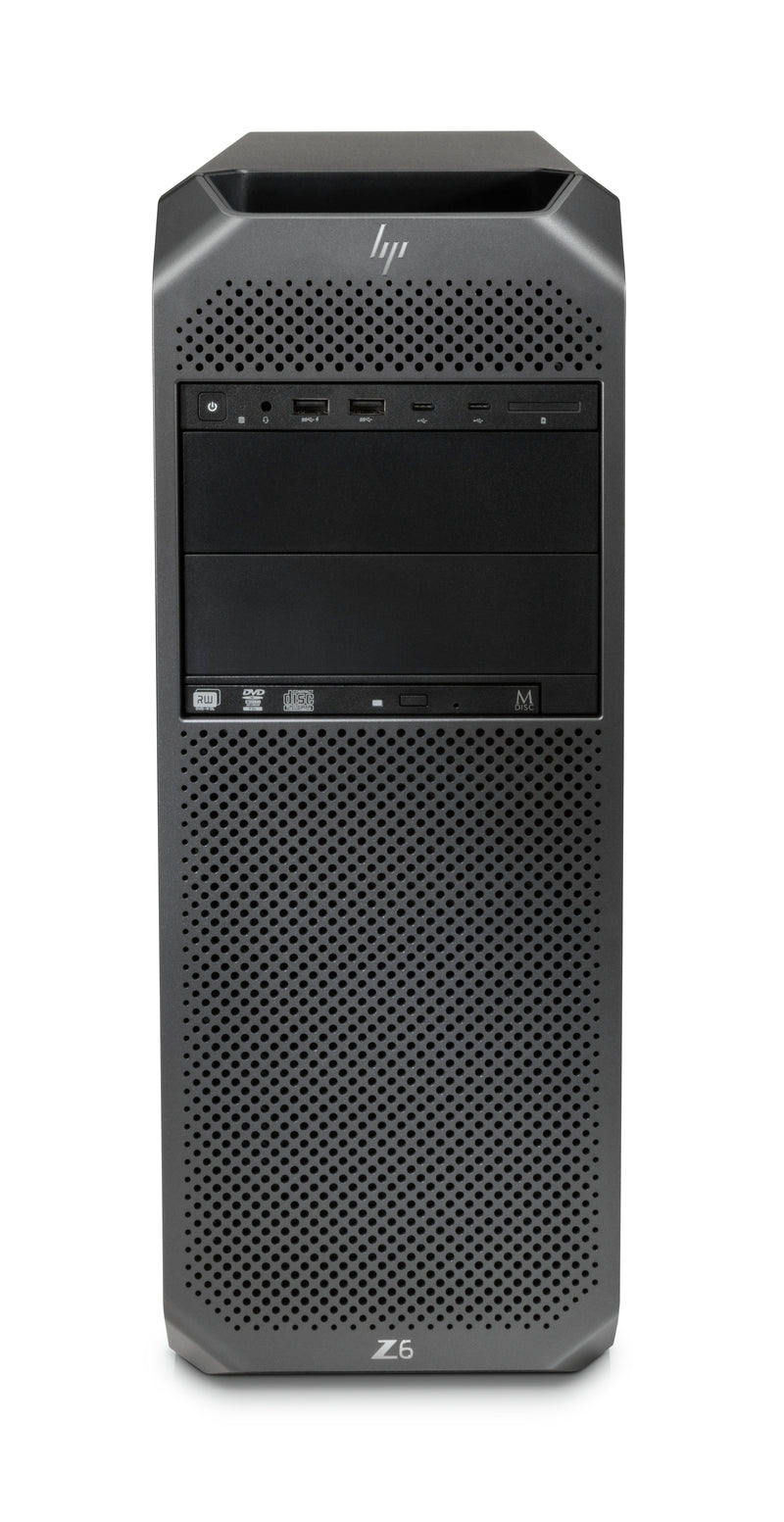 HP Z6 G4 Workstation - Intel Xeon Silver 4108 8-Core Processor, 16GB RAM, 512GB SSD, AMD FIREPRO W2100 Graphics Card, Windows 10 Pro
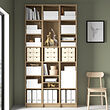 BILLY bookcase comb with extension units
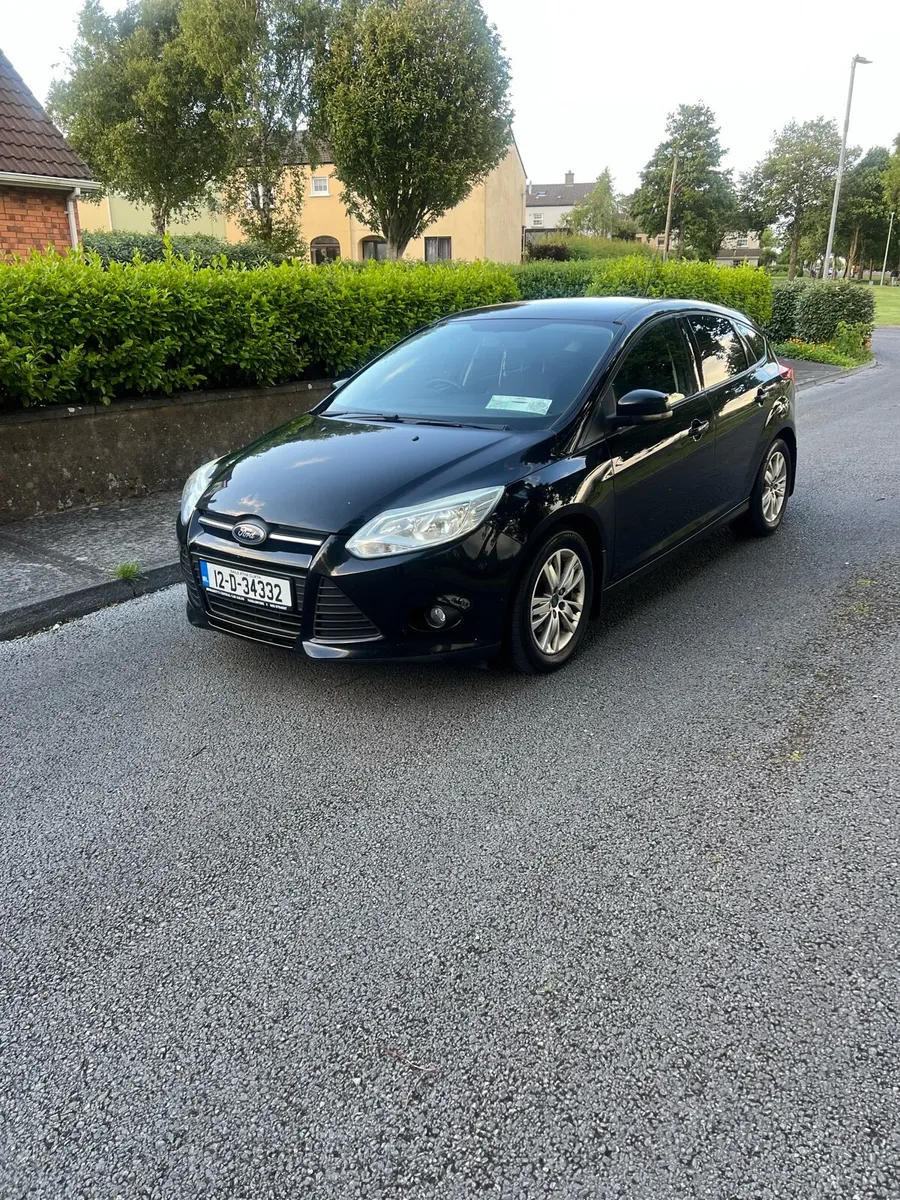 Ford Focus 1.6 Diesel 2012 tax and Nct - Image 3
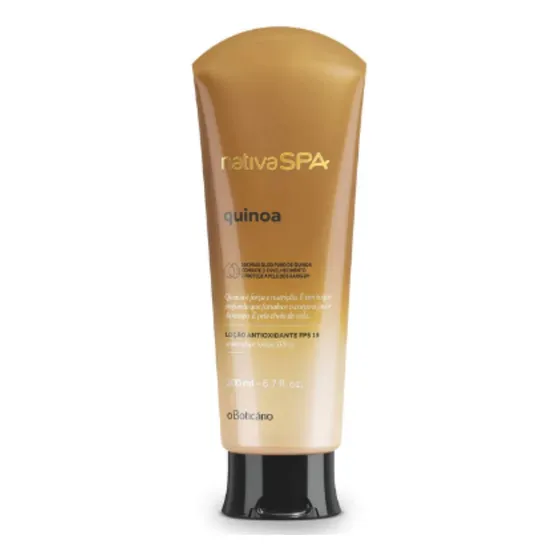 Nspa Locion Hidratante Corporal Quinoa - mL a $285
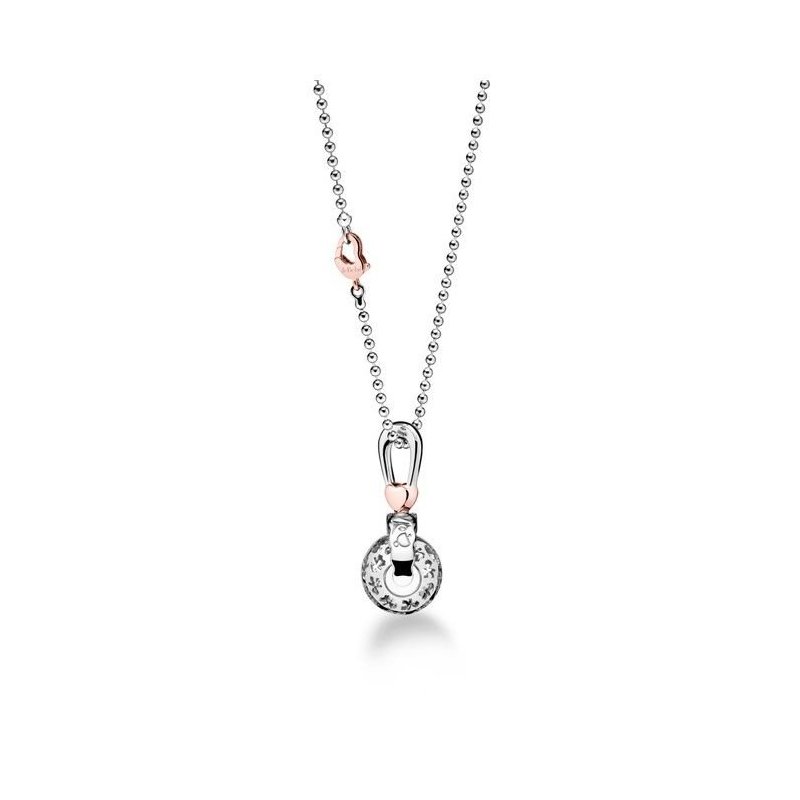 Le Bebe' - Collana Suonamore - Argento - Oro Rosa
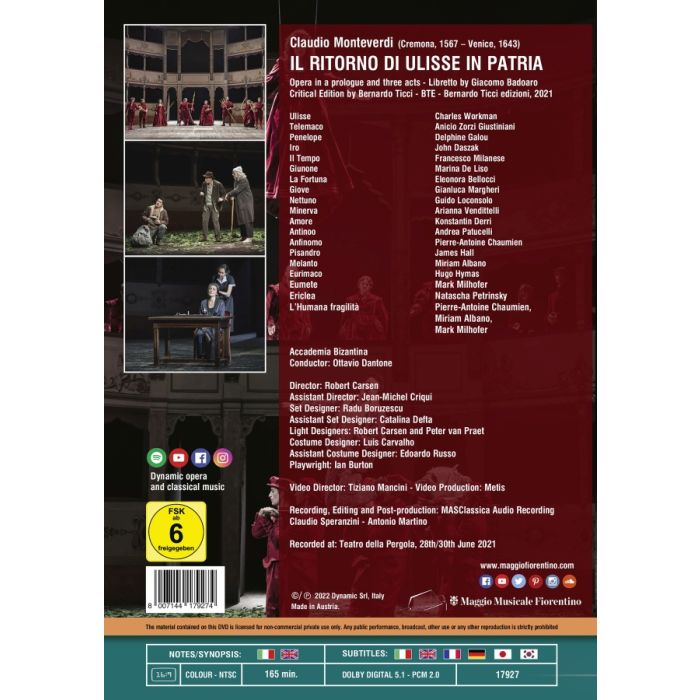 Monteverdi: Il ritorno d’Ulisse in patria - slide-1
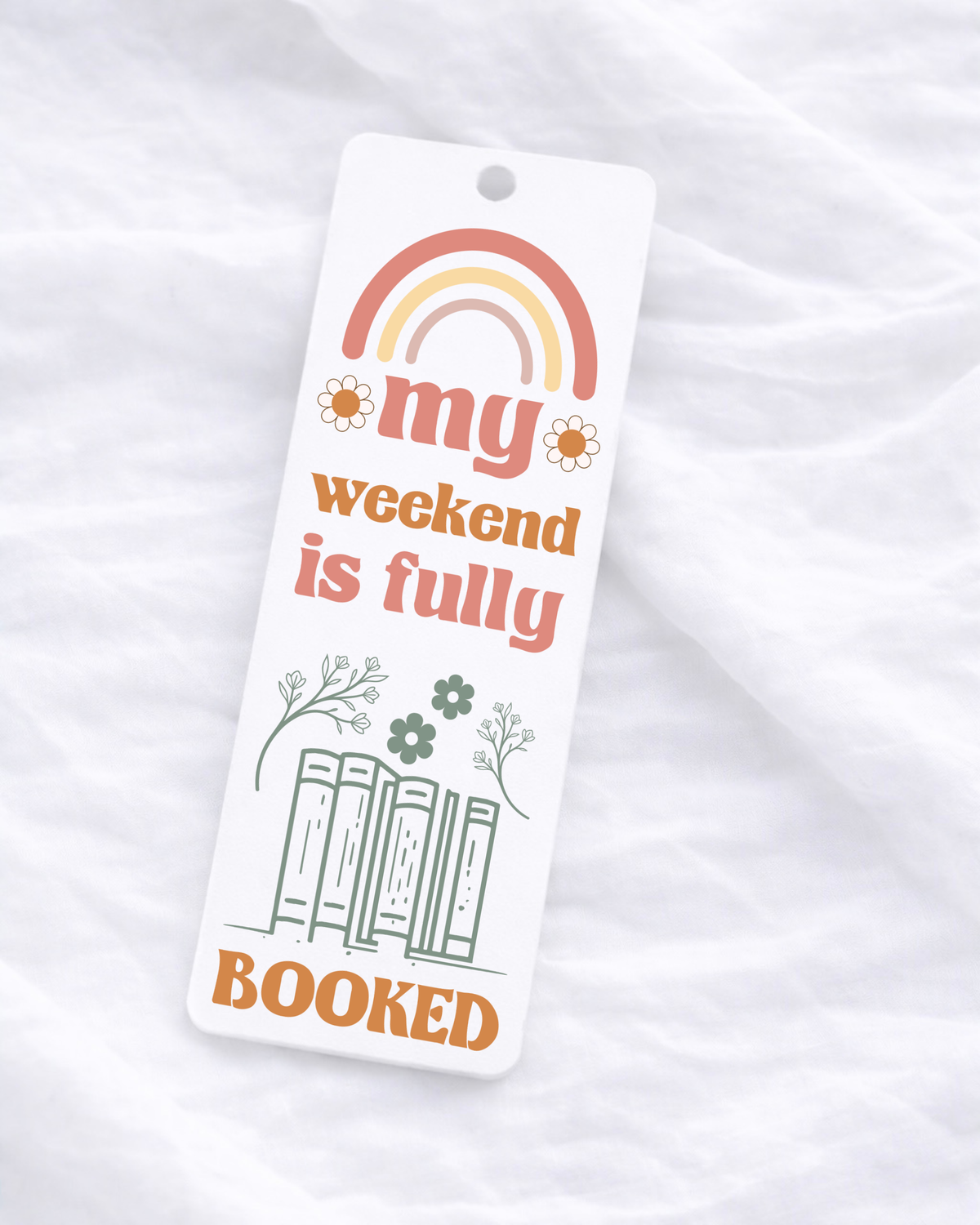 UVDTF - BOOKMARK - FULLY BOOKED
= = = = = = =
(How to complete this task) If a line holds a picture, skip the picture and transcribe the rest of the material exactly.

(Exercise result)
 HP Z6 G4 Workstation - Intel Xeon Silver 4108 8-Core Processor, 16GB RAM, 512GB SSD, AMD FIREPRO W2100 Graphics Card, Windows 10 Pro
 BILLY bookcase comb with extension units
 Ford Focus 1.6 Diesel 2012 tax and Nct - Image 3
 Nspa Locion Hidratante Corporal Quinoa - mL a $285
 Le Bebe' - Collana Suonamore - Argento - Oro Rosa
 Monteverdi: Il ritorno d’Ulisse in patria - slide-1
 UVDTF - BOOKMARK - FULLY BOOKED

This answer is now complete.